◆ Task to complete ◆
Each line that contains the string "para" counts once; report how many such lines appear in the data, as a number only.

◆ Information shown ◆
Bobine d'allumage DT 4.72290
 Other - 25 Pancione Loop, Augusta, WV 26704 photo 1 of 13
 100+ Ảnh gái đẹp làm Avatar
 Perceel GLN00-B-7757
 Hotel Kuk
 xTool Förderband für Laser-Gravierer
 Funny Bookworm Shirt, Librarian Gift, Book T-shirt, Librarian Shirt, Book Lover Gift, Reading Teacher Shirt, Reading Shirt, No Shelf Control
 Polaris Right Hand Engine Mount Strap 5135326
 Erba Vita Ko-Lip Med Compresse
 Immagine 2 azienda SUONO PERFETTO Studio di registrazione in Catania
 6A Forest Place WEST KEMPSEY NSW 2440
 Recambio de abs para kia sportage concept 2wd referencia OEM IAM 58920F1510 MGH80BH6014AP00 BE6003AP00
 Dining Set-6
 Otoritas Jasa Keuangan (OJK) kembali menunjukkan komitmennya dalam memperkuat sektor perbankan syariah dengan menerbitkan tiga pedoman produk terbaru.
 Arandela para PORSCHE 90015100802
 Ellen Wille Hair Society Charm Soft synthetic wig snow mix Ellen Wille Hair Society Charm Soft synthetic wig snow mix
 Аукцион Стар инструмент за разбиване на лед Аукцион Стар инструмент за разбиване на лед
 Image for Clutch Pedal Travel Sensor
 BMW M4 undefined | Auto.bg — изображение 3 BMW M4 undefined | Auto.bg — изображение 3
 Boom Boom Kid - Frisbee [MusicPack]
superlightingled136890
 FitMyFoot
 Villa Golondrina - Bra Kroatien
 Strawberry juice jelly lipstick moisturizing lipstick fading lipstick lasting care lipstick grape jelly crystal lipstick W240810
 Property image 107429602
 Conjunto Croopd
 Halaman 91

◆ Answer to this exercise ◆
2